The Bureau of Land Management has entered into a cooperative agreement with the Pueblo de Cochiti for joint management of the Kasha-Katuwe Tent Rocks Monument in New Mexico, a sacred place to all the Pueblos. The Bureau’s excellent record in this instance makes its record of permitting desecration and destruction of sacred places elsewhere, most prominently the proposed gold mining at Quechan Indian Pass, all the more inexplicable.
The Sacred Places Protection Coalition will be examining the fisheries and Tent Rocks agreements and other co-management accords as it develops guidelines for the Tribal/Federal Summit on Sacred Places Consultation Protocols, which will take place on November 15 and 16, 2003, in Santa Fe, New Mexico.
We invite the Committee to send representatives to the Summit. We request the Committee to encourage the federal agencies to send high-level policy representatives to this Summit and to work with us to develop guidelines and elements for consultation and management.
There are many sacred places around the country that are not being damaged at this time. A few are known to be sacred places, but many are not known. Some Native Americans have strict prohibitions against revealing the identity or location of a sacred place or any information about why it is sacred or what is done there.

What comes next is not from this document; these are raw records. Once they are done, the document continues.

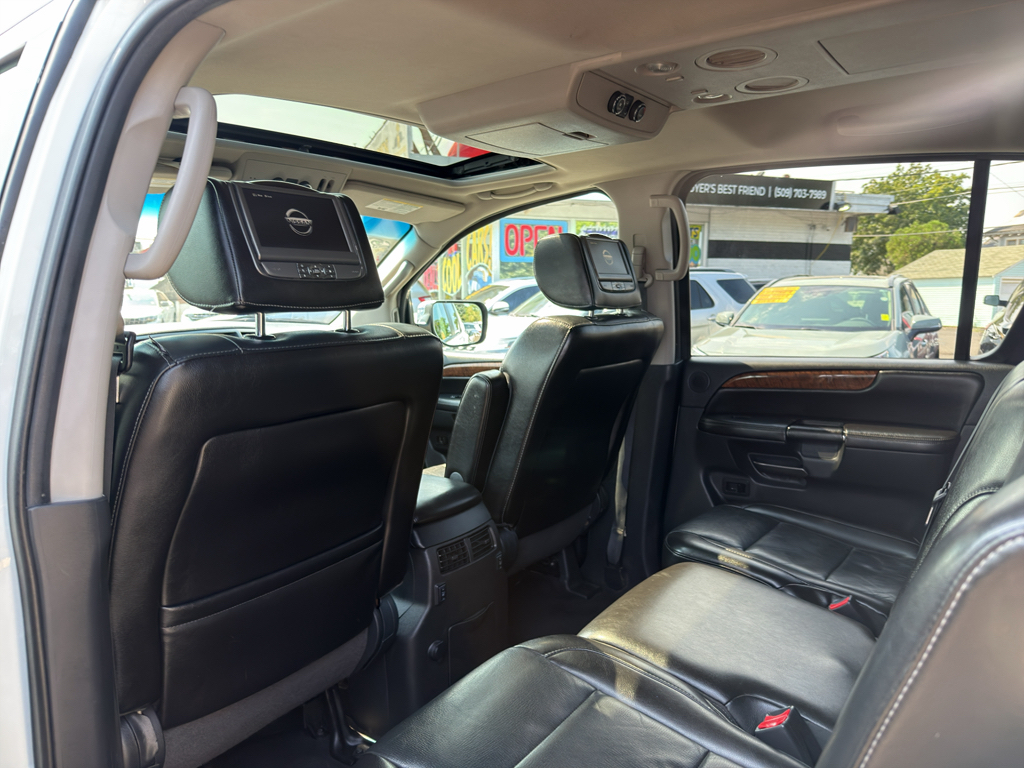 2014 Nissan Armada Platinum
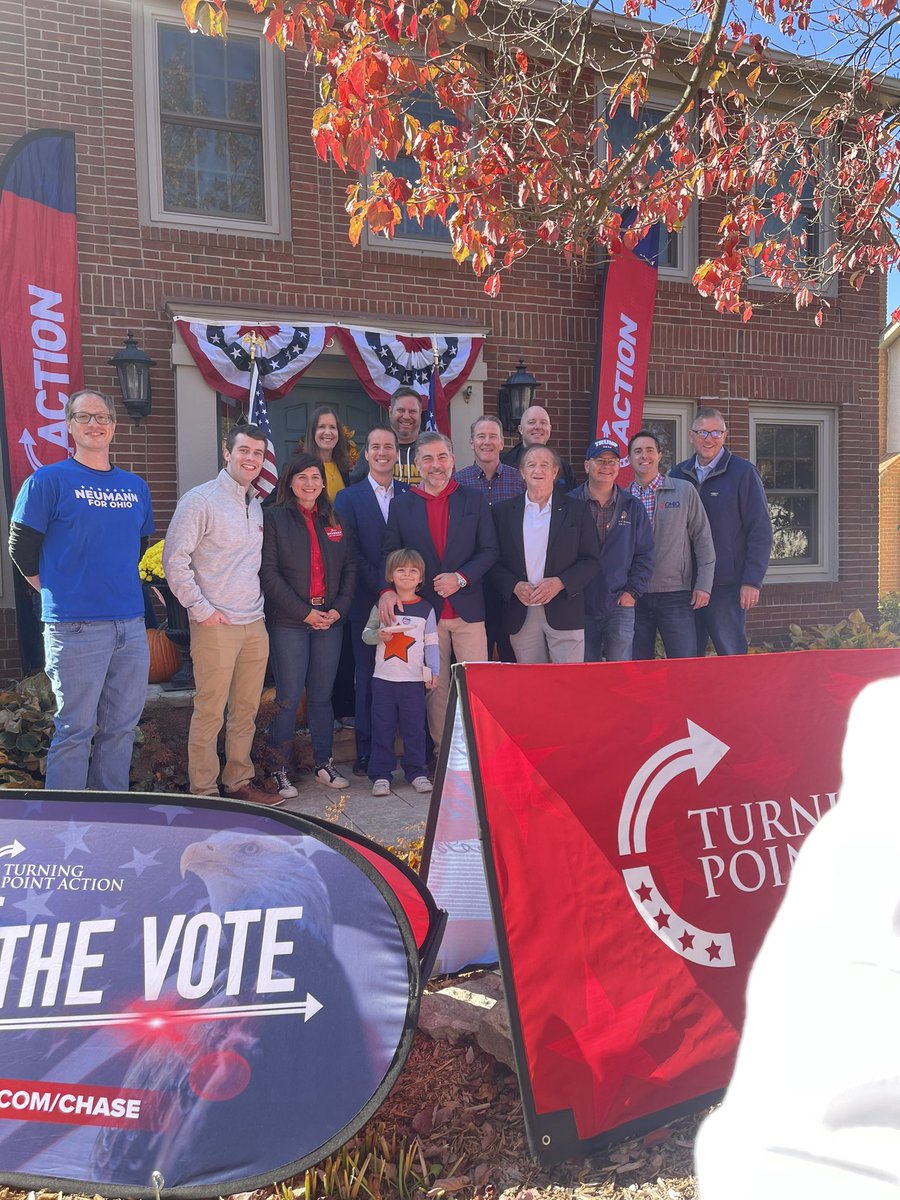 Meredith4OH's tweet image. Bernie, Besa and Best Candidates in Franklin and Delaware counties!! 8 days left to make the heart of Ohio RED! #TeamMoreno, #SharrahforSenate, #FranklinCountyGOP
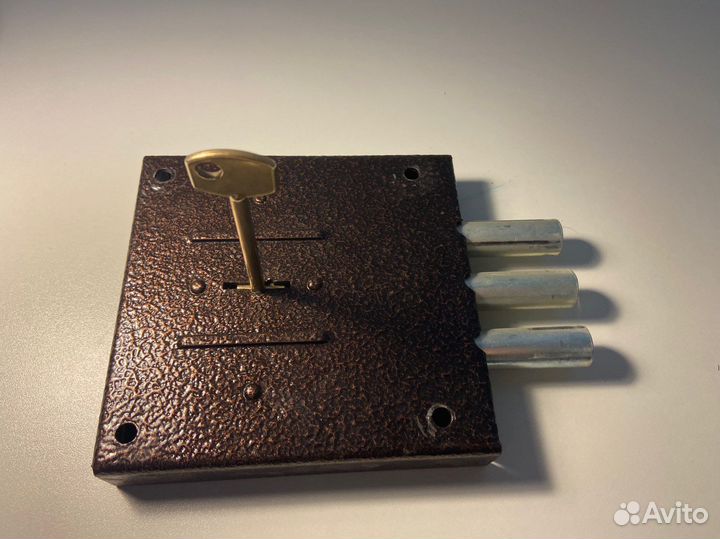 Замок дверной накладной цербер зну-М (С1-М 116)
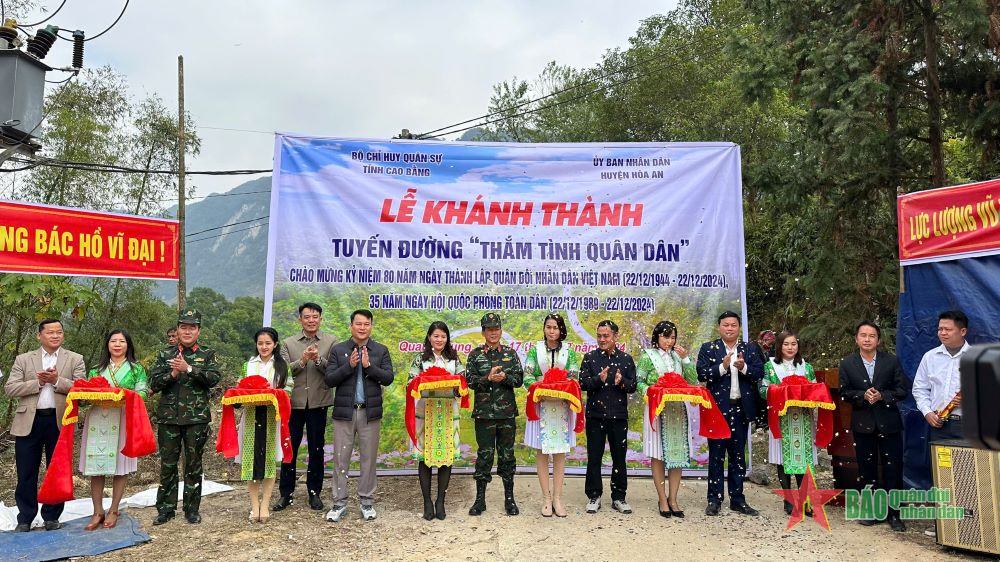 Hòa An: Khánh thành tuyến đường “Thắm tình quân dân” tại xóm Cốc Phia, xã Quang Trung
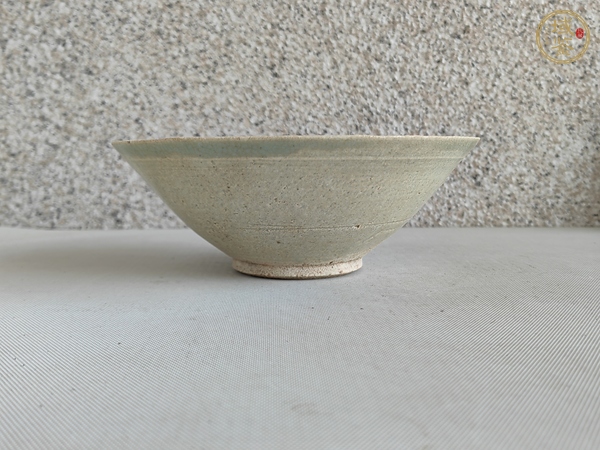 古玩陶瓷青白釉刻花斗笠碗真品鑒賞圖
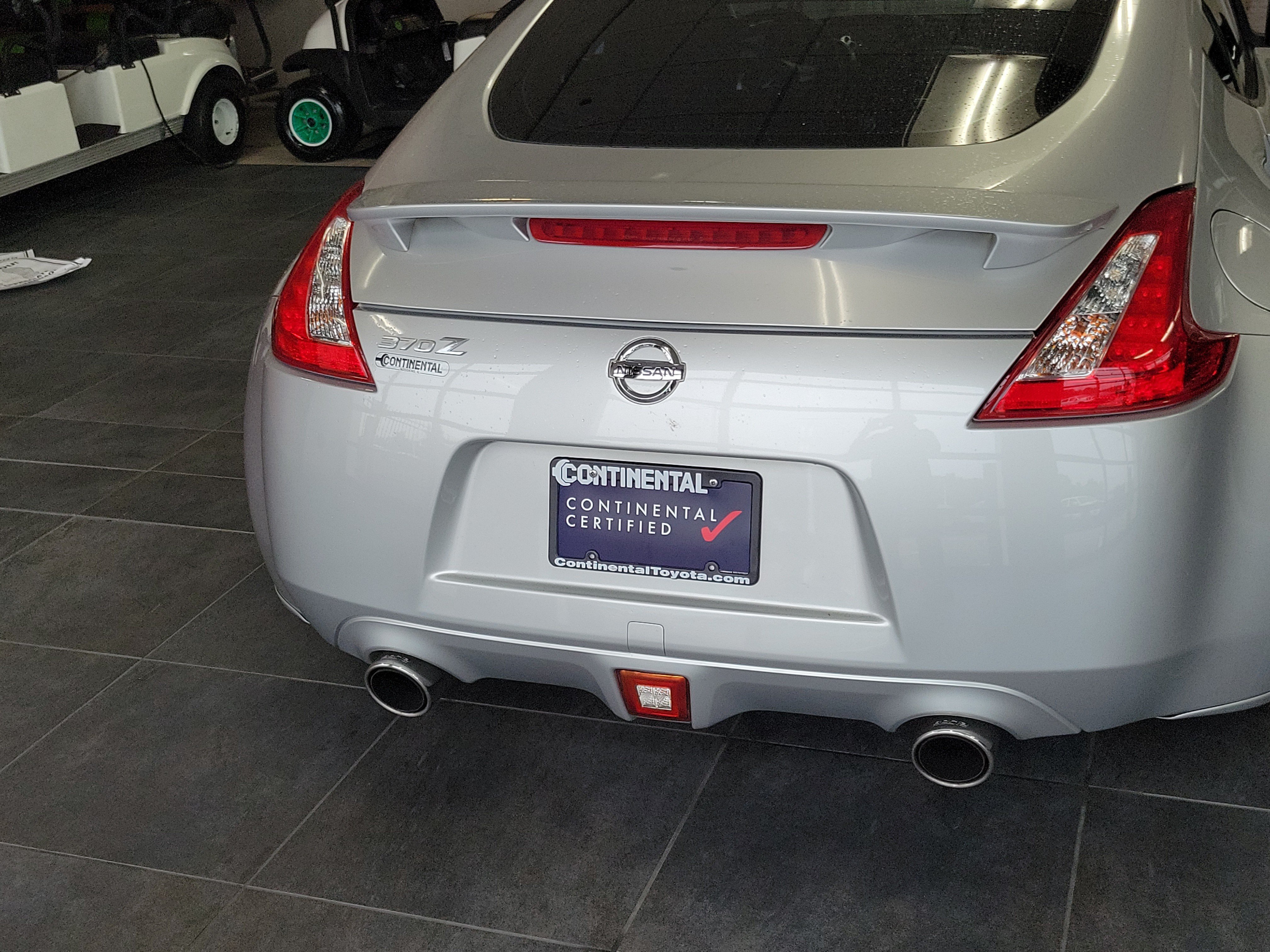 Used 2010 Nissan 370Z Coupe w/ Sport Pkg RWD image 11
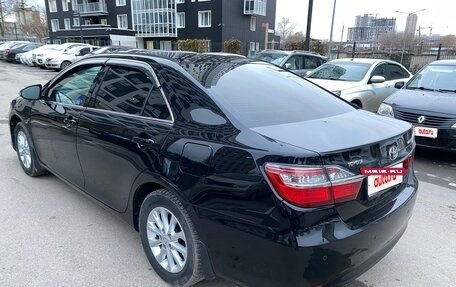 Toyota Camry, 2015 год, 1 890 000 рублей, 7 фотография
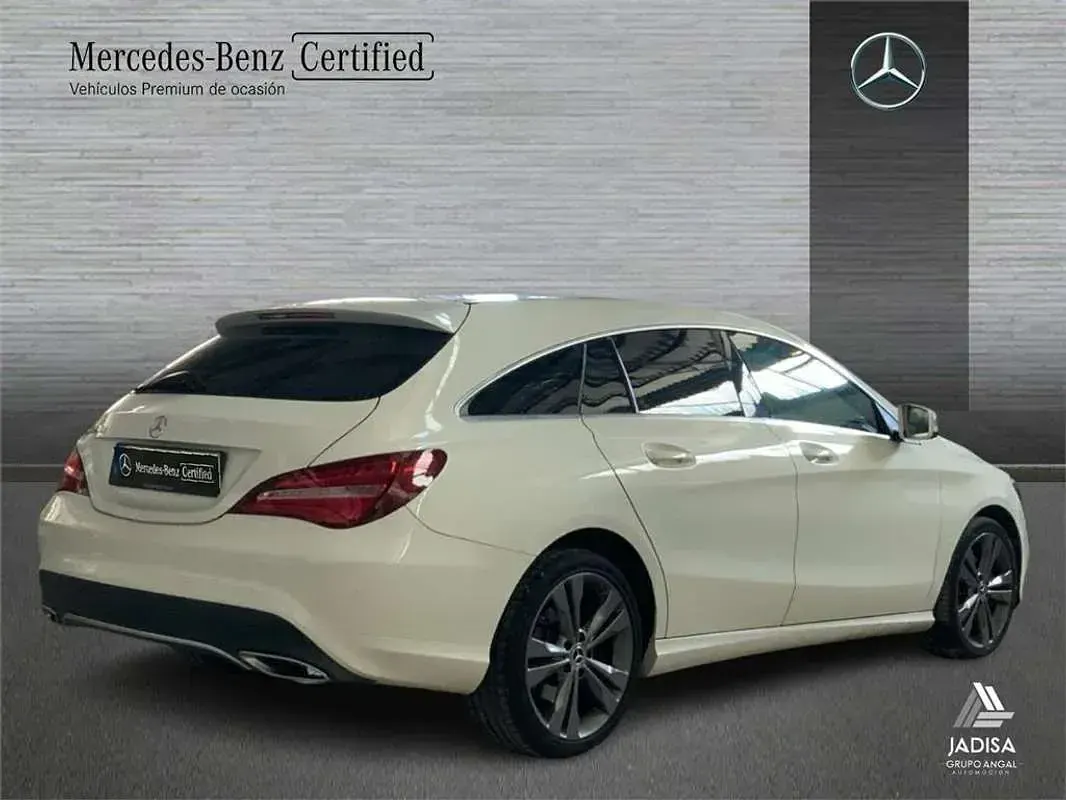 Usado Mercedes CLA200 Shooting Brake 136 CV (100 kW) 2018 Familiar
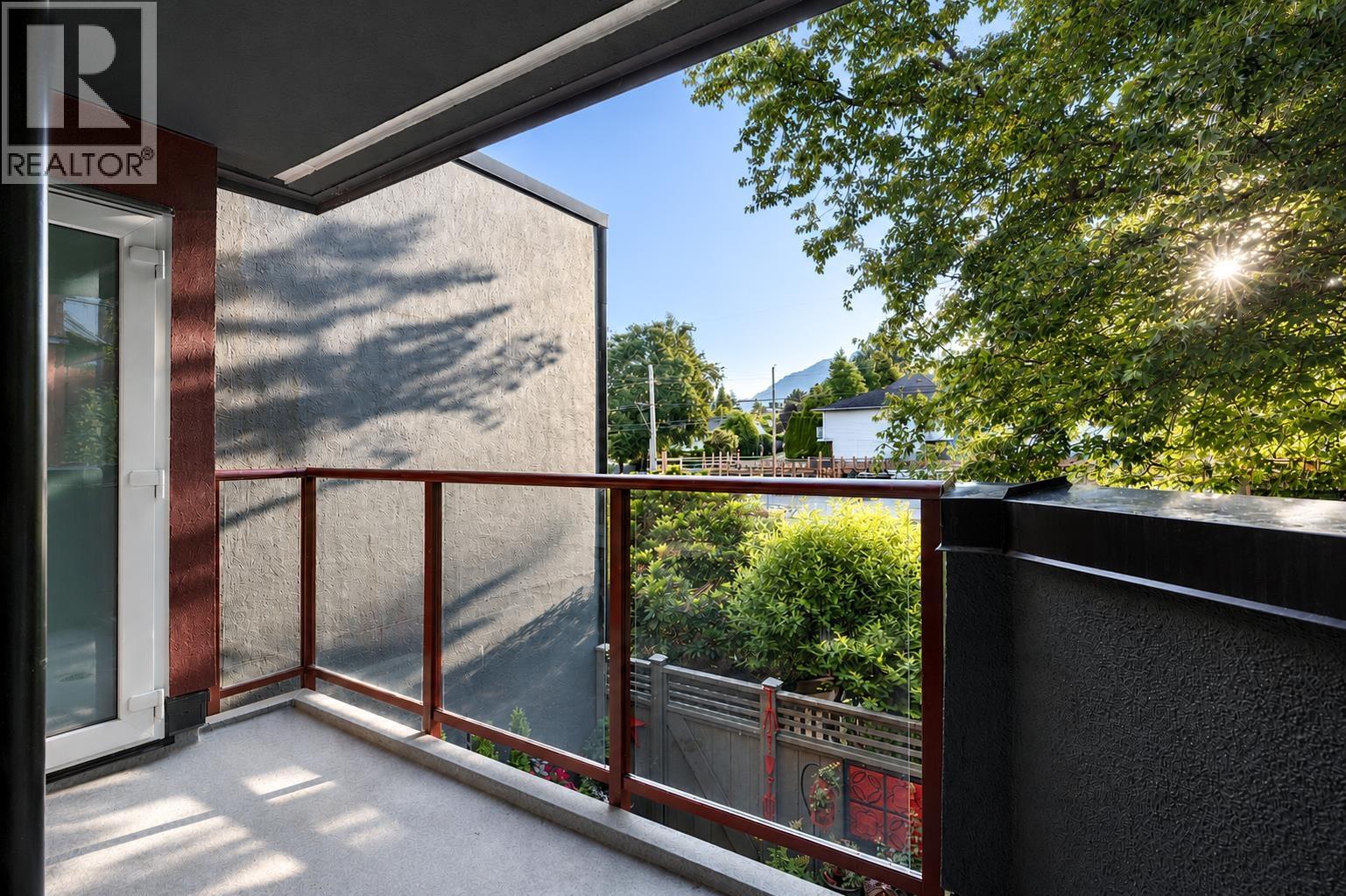 307 2800 CHESTERFIELD AVENUE, North Vancouver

Others maintain silence in an effort to keep from attracting the attention of people who are looking for recreation or vacation spots or of developers who would flood out, pave over, dig up or suck the life out of these precious places.
Both the 2002 gathering and NCAI Convention identified numerous Native American sacred places that are under attack now.
Among the endangered sacred places identified in California, in addition to Medicine Lake and Quechan Indian Pass, are the following: Coastal Chumash lands in the Gaviota Coastal southern region; Yurok Nation’s salmon fisheries in the Klamath River affected by the Interior Department’s water flow decreases; Berry Creek, Moore Town and Enterprise Rancherias’ lands impacted by the California Water Project’s fluctuation zone at the Oroville Dam Reservoir; the sacred Puvungna of the Tongva and Acjachemen Peoples; and the sacred Katuktu (Morro Hill) of the San Luis Rey Band of Mission Indians.
The groups called for the protection and recovery of these identified sacred places in the Southwest: 1) in Arizona, Apache holy land, Mount Graham, from the Forest Service and the University of Arizona’s massive telescope project; Hualapai Nation landforms in Truxton and Crozier Canyons from private extraction of boulders for decorative landscaping; Hopi and Navajo lands and the Navajo aquifer from slurry coal mining by Peabody Coal Company; the San Francisco Peaks from Forest Service and private expansion of the Arizona Snow Bowl; and the Boboquivari Mountain of the Tohono O’Odham Nation; 2) in New Mexico, in addition to Zuni Salt Lake, the micaceous clay-gathering place of the Picuris Pueblo from mica mining by Oglebay Norton Specialty Minerals; and 3) in Texas, Carrizo/Comecrudo lands flooded by Amistad Lake and Falcon Dam.
Other sacred places identified as under attack now, in addition to Hickory Ground, Missouri River and Ocmulgee Old Fields, include the following: the Badlands, Black Hills and Medicine Wheel in the Plains; Semiahmah Village burial ground and Snoqualmie Falls in Washington; Pipestone National Monument and Cold Water Springs in Minnesota; Taino Caguana ceremonial site in Puerto Rico and Yaqui Zona Indigena in Sonora, Mexico.